# Another Demo...



## bgray (Jun 17, 2009)

You know that your earning your money when you end up polishing the INSIDE of a section....


----------



## MrPukaShell (Jun 17, 2009)

That is awesome, very very nice....


----------



## CrazyBear (Jun 17, 2009)

I cant fault the workmanship..but the pen doesnt work for me...it looks .............plastic ..if you get what I mean


----------



## wdcav1952 (Jun 17, 2009)

I  agree with Hugh; the workmanship is nice, but demonstrator pens have never done it for me.


----------



## RAdams (Jun 17, 2009)

i think it is pretty slick looking. But then again, i am into the minimilistic, mechanical look. Not to mention it is easy to see what is going on.


----------



## mbroberg (Jun 17, 2009)

Outstanding work, but I must agree that the design doesn't appeal to me.


----------



## rjwolfe3 (Jun 17, 2009)

That is sweet looking and I can appreciate the hard work.


----------



## skiprat (Jun 18, 2009)

Beautifully done!!! It must have taken ages to polish out all the drill marks.
How did you do the polishing?


----------



## cnirenberg (Jun 18, 2009)

By George I think he's got it!!!!!!!!  Brian, great job, I love the pen.  What did you end up using Lucite or an acrylic?  I love the demonstrator types just as nuch as your other styles of pens.  The Lucite swirl gave the best of both worlds, but I'm diggin the 100% clear.


----------



## bruce119 (Jun 18, 2009)

cnirenberg said:


> By George I think he's got it!!!!!!!! Brian, great job, I love the pen. What did you end up using Lucite or an acrylic? I love the demonstrator types just as nuch as your other styles of pens. The Lucite swirl gave the best of both worlds, but I'm diggin the 100% clear.


 
My same question what did you use. I too am working on a clear tube project. Different concept then yours. But like you I would have to polish the inside.
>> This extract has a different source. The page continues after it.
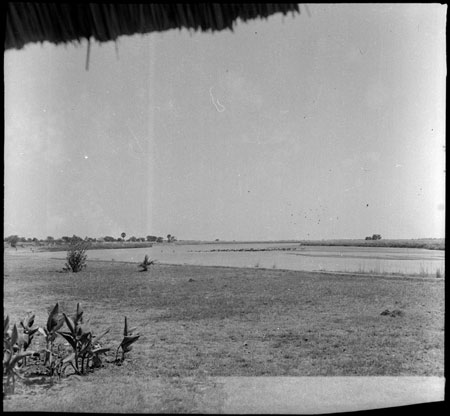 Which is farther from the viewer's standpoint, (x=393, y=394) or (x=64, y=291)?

Did you cast your own if so what did you use.

I know you put a lot of work into it great for display and to get attention.


----------



## bgray (Jun 18, 2009)

There is no drilling on the final pass.  A drill leaves a horrible surface.

I use a special boring bar that is very long, thin, and rigid.

From there all tools are homemade.  

A long and skinny mandrel for mounting sandpaper, and a long skinny mandrel with a custom made tiny buff.

Thanks.


----------



## bruce119 (Jun 18, 2009)

bgray said:


> There is no drilling on the final pass. A drill leaves a horrible surface.
> 
> I use a special boring bar that is very long, thin, and rigid.
> 
> ...


 
Cool nice tip but what material are you using. Do you cast your own blank are you using Alumilte, PR or are you buying a type of acrylic.

Thanks
Bruce


----------



## Dalecamino (Jun 18, 2009)

Nice work .


----------



## toolcrazy (Jun 18, 2009)

Wow, that is really cool.


----------



## bgray (Jun 18, 2009)

Lucite, I believe. 

Thanks.


----------



## workinforwood (Jun 18, 2009)

Very well done Brian.


----------



## artme (Jun 18, 2009)

Nice one! Different.


----------



## alexkuzn (Oct 15, 2009)

Great craftsmanship!
Brian, where did you buy your boring bar?


----------



## watchman7 (Oct 15, 2009)

Did you have that pen at the NY Pen Show? If so what kind of reaction did you get?


----------



## bgray (Oct 15, 2009)

No, I didn't have that exact pen there.


----------



## Mrs Rojo22 (Oct 16, 2009)

Nice!

Robin


----------



## bitshird (Oct 16, 2009)

Brian, silence there are so many that just aren't that moved by the pen, just send it to me, I think it's great, Fantastic craftsmanship and overall awesome pen.


----------



## Ligget (Oct 17, 2009)

Cool pen Brian!


----------



## alexkuzn (Oct 17, 2009)

Brian, 
how you hold the boring bar? By hand or in drill chuck in tail stock. 
If you put the boring bar in drill chuck how do you adjust diameter of the hole?


----------



## bgray (Oct 17, 2009)

I use a metal lathe.  The tool is held on the crosslide.


----------



## DurocShark (Oct 18, 2009)

I love demonstrators and this is a great example of why.


----------